### TO DO
Copy all data exactly. Skip pictures.

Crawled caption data

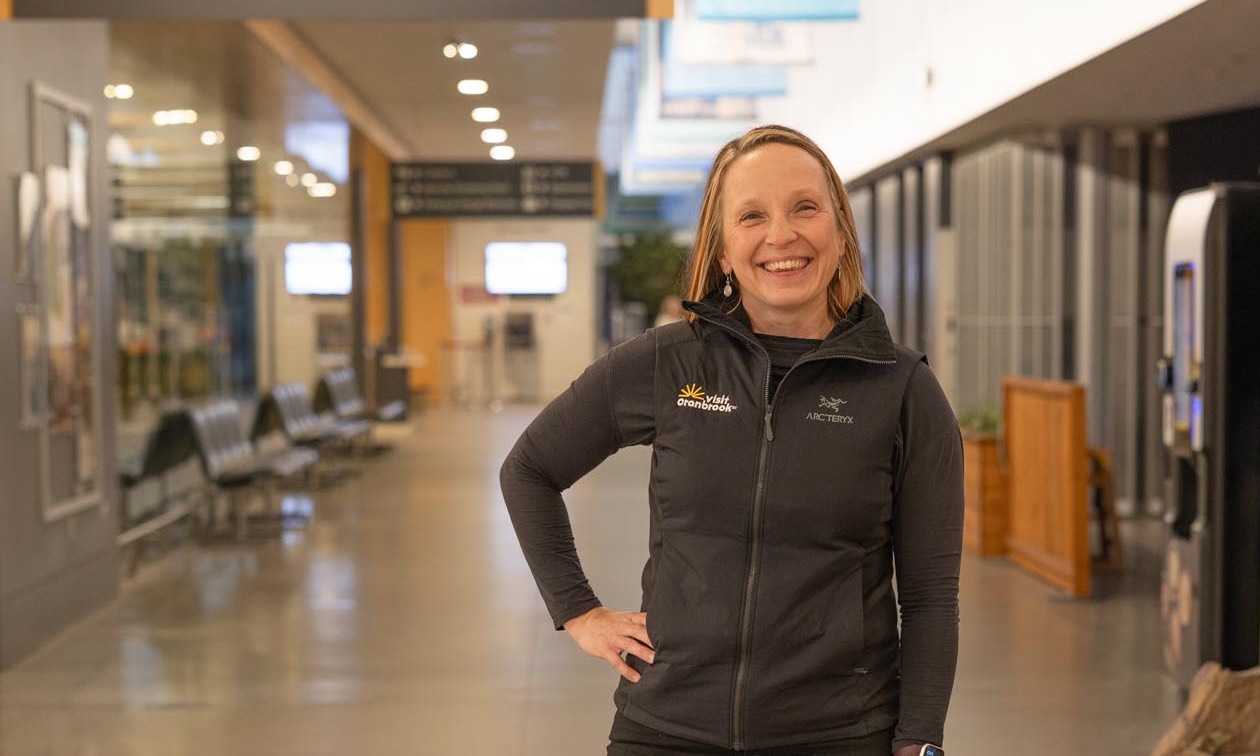 Kristy Jahn Smith standing in a hallway with her hand on her hip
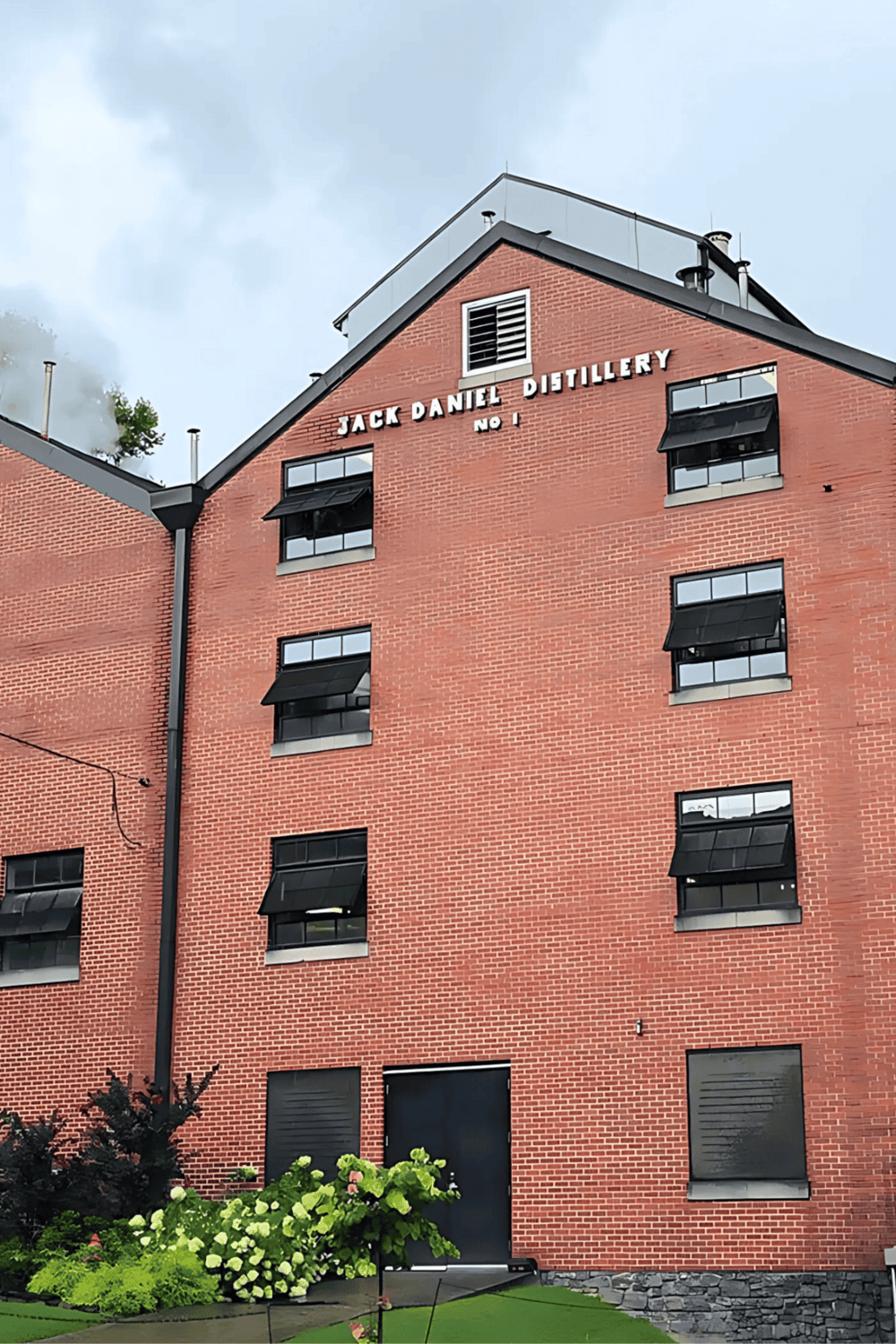 Historic Jack Daniel Distillery building in Lynchburg, TN, showcasing whiskey craftsmanship and scenic surroundings.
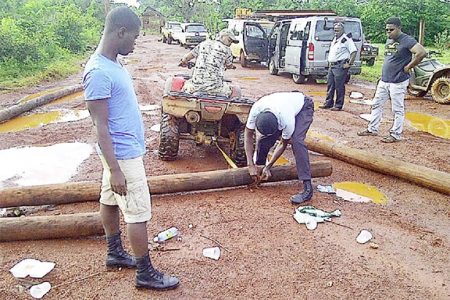 Police stationed in Mahdia remove the logs used as road barriers.
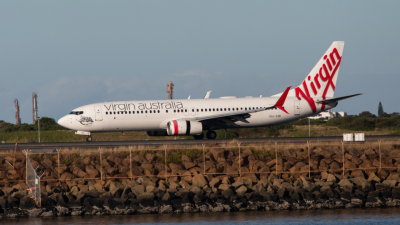 A Bali-Bound Plane Had To Land Mid-Flight After 3 Qld Men Allegedly Started Drinking & Vaping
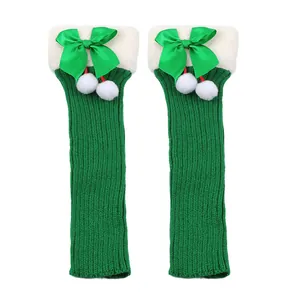 Festive green knitted Christmas leg warmers with white plush cuffs and satin bows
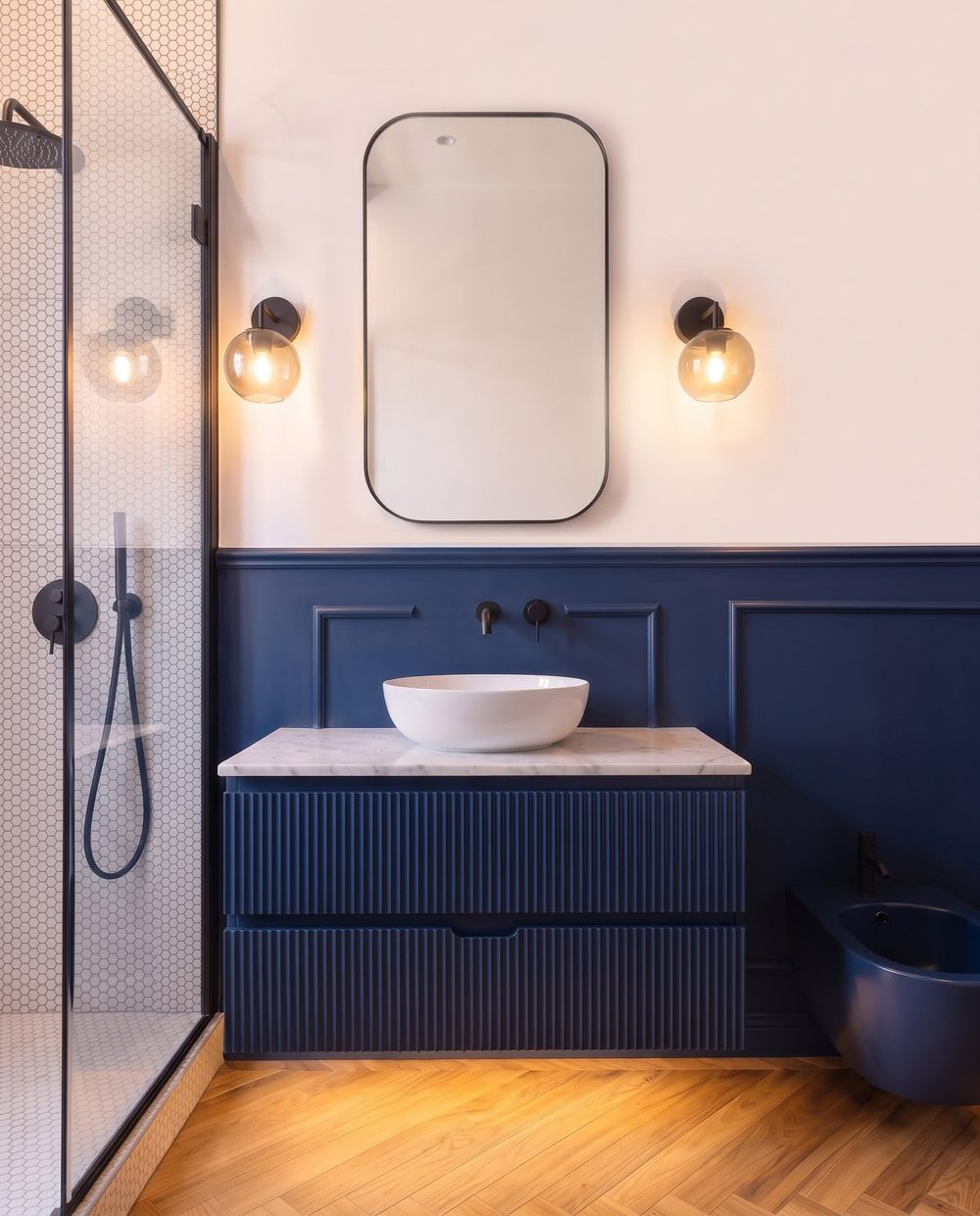 Mobile lavabo su misura inserito nella boiserie in legno a parete.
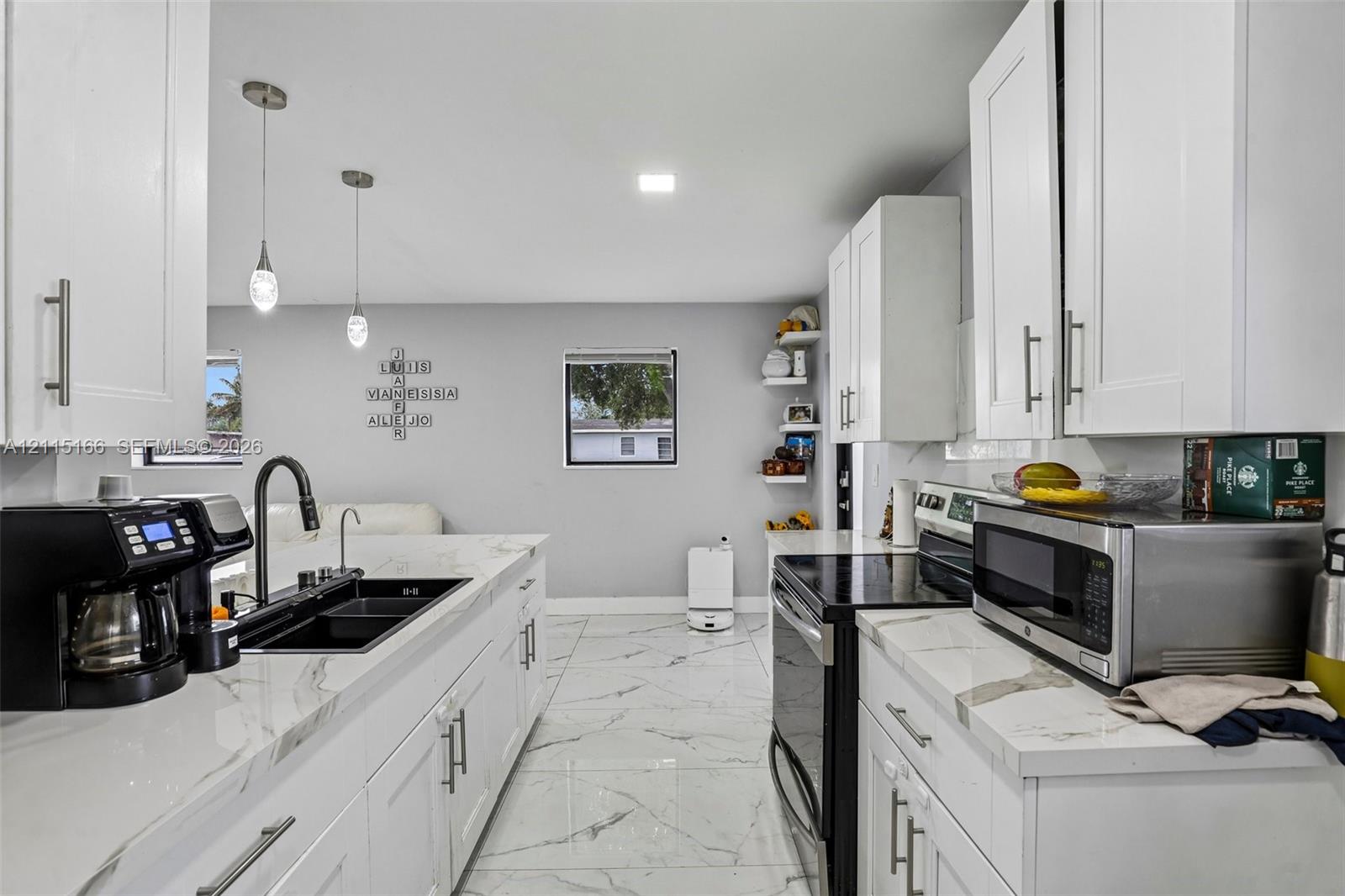 Kitchen featuring white shaker-style cabinetry, stone-finish countertops, large-format tile flooring, a dual-basin undermount sink with a matte black faucet, and pendant lighting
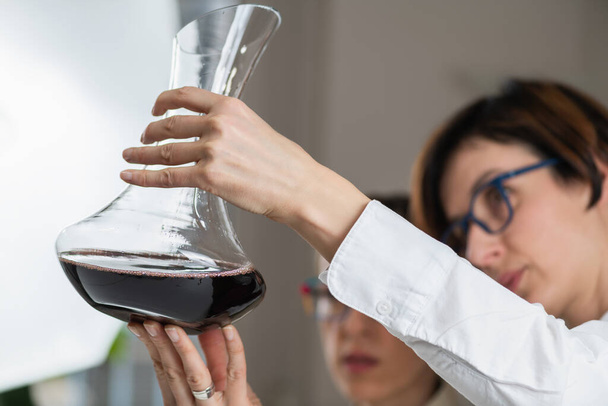 Degustacja wina, ocena jakości. Sommelier patrzy na wino w karafce i wyjaśnia, jak ocenić jego jakość na podstawie wyglądu, aromatu, smaku i wykończenia. - Zdjęcie, obraz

### OUTPUT
 Kristy Jahn Smith standing in a hallway with her hand on her hip
 Historic Jack Daniel Distillery building in Lynchburg, TN, showcasing whiskey craftsmanship and scenic surroundings.
 Police stationed in Mahdia remove the logs used as road barriers.
 A Bali-Bound Plane Had To Land Mid-Flight After 3 Qld Men Allegedly Started Drinking & Vaping
 Festive green knitted Christmas leg warmers with white plush cuffs and satin bows
 Mobile lavabo su misura inserito nella boiserie in legno a parete.
 Kitchen featuring white shaker-style cabinetry, stone-finish countertops, large-format tile flooring, a dual-basin undermount sink with a matte black faucet, and pendant lighting
 Degustacja wina, ocena jakości. Sommelier patrzy na wino w karafce i wyjaśnia, jak ocenić jego jakość na podstawie wyglądu, aromatu, smaku i wykończenia. - Zdjęcie, obraz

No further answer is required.